Abascal explica esto diciendo que los medios de comunicación generan en las mujeres una percepción negativa del partido, acusando a Vox de sexismo. Como respuesta, intenta promocionar figuras femeninas en la dirección y presentar al partido como defensor de las españolas frente a amenazas provenientes de migrantes. Esta estrategia no es nueva — ya ha sido probada por partidos de derecha en Alemania y Francia, pero en España enfrenta varios obstáculos. Primero, Vox tradicionalmente se posiciona contra el feminismo, lo que genera desconfianza entre las mujeres. Segundo, en el país aún no se ha desatado un pánico masivo similar al que se vio en otros estados europeos tras sonados crímenes.
Paralelamente a los intentos de conquistar el electorado femenino, Vox incrementa la presión sobre sus antiguos aliados del Partido Popular (PP), acusándolos de ceder en materia migratoria. En algunas regiones donde el PP ha llegado a acuerdos con la ultraderecha, se han cerrado centros para menores migrantes.

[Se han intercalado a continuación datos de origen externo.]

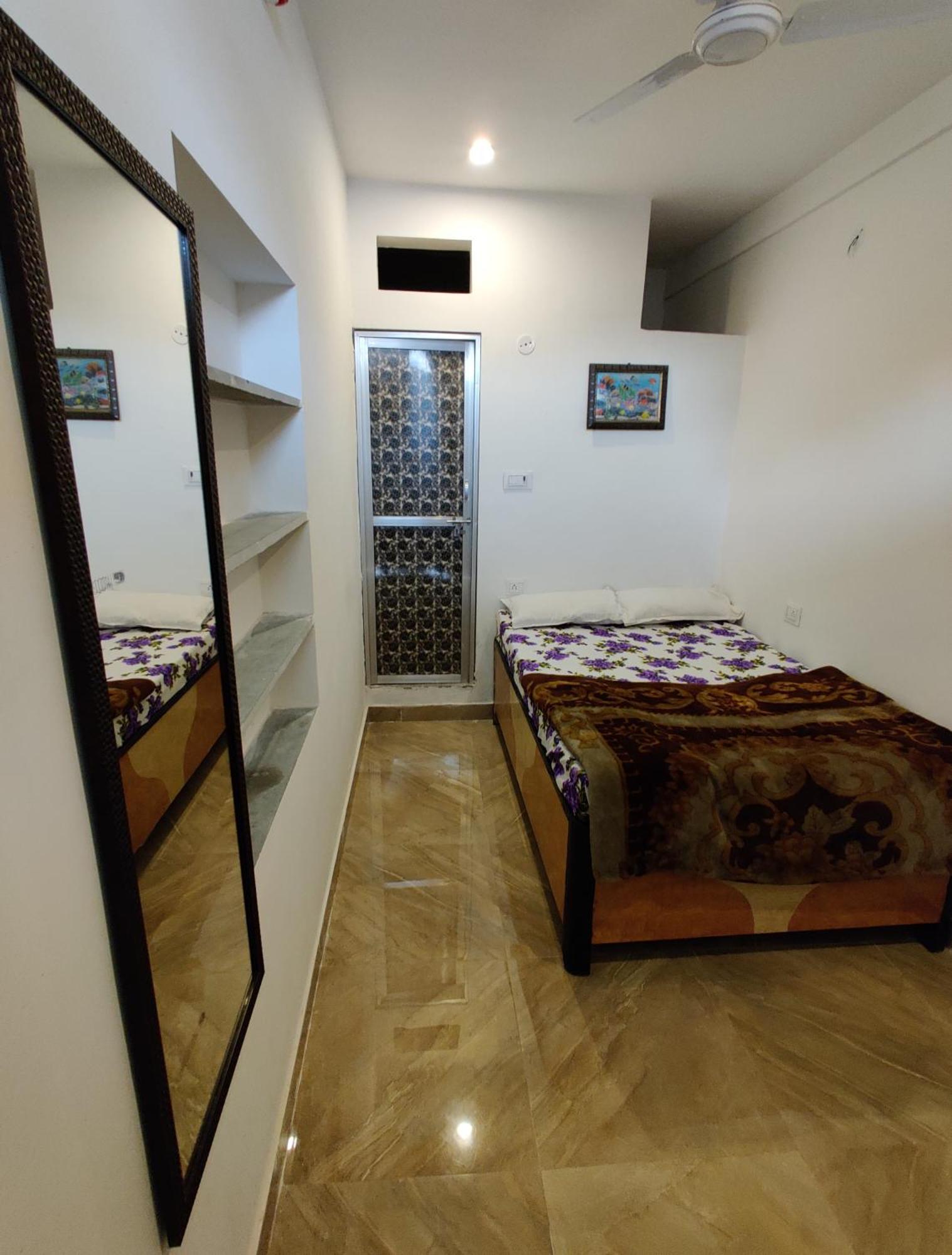 פושקאר Varah Square Guest House חדר תמונה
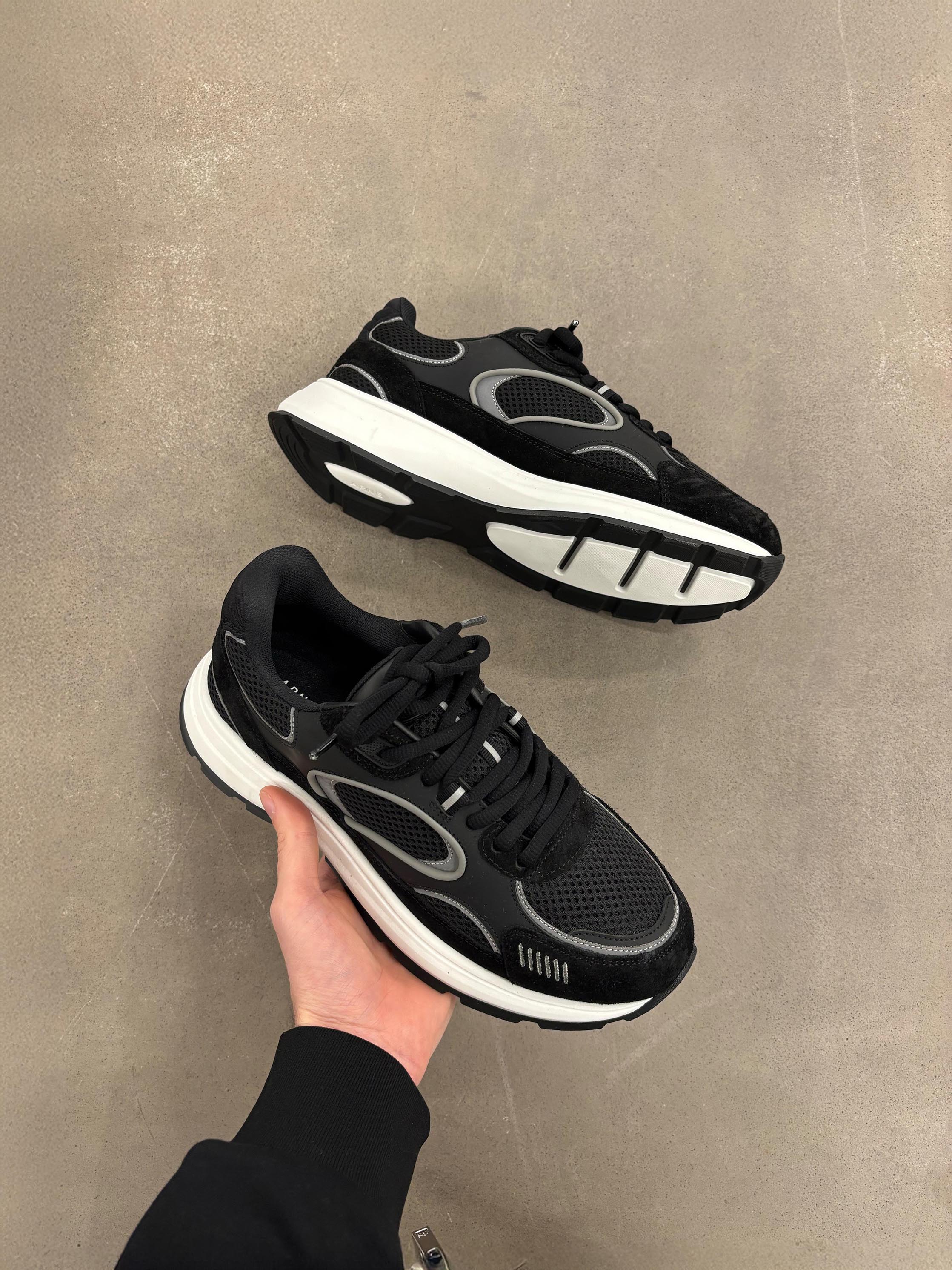 Circuit Trainer in Black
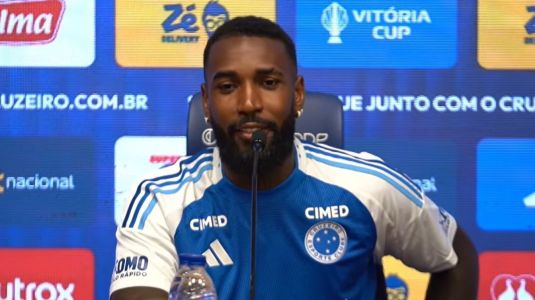 Gerson em apresentação como novo jogador do Cruzeiro para 2026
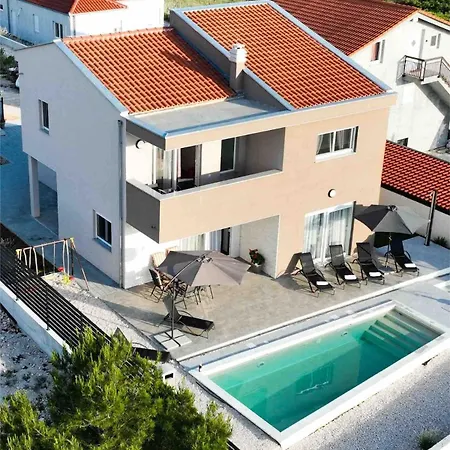 Willa Villa Carmen-Heated Pool- Near Zadar *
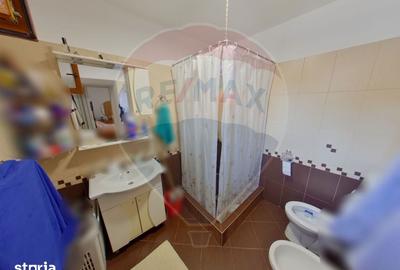 Casă cu 4 camere cu Teren 1439 Mp în Central - 2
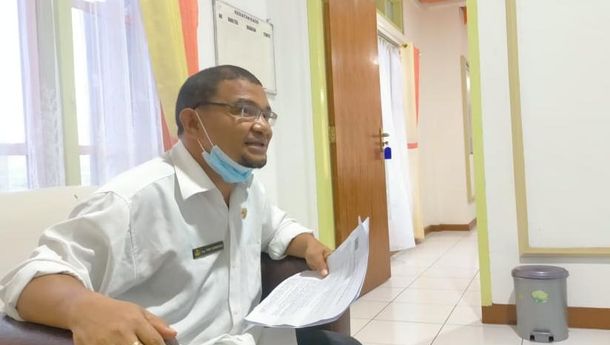 Kadis Kesehatan Manggarai, drg. Bartolomeus Hermopan: Kami Selalu Dorong Apotik di Manggarai untuk Jual Obat Saja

Cada vez que el PP acepta las exigencias de Vox, Abascal subraya que su postura no es lo suficientemente coherente y propone medidas aún más radicales.
En los últimos meses, la confrontación entre los dos partidos ha trascendido los debates parlamentarios y se ha trasladado a los tribunales. Vox presenta demandas no solo contra el gobierno de Pedro Sánchez, sino también contra líderes regionales del PP, acusándolos de ineficacia en la lucha contra catástrofes naturales y la delincuencia.
En medio de la tensión política, Vox se prepara para un gran mitin en Madrid, que debía ser una muestra de unidad de las fuerzas ultraderechistas de Europa. Sin embargo, muchos líderes extranjeros rechazaron participar, lo que no impidió que el partido esperara una gran asistencia gracias al apoyo de sus seguidores de todo el país.
El evento incluyó debates sobre migración y el papel de las instituciones europeas, así como exposiciones dedicadas a las tradiciones regionales de España. A pesar de los intentos de Vox por presentarse como defensor de los intereses nacionales y de las mujeres, el partido sigue enfrentando desconfianza de una parte considerable de la sociedad, especialmente entre las mujeres. En los próximos meses se verá si esta estrategia logra modificar el equilibrio de fuerzas en el escenario político del país.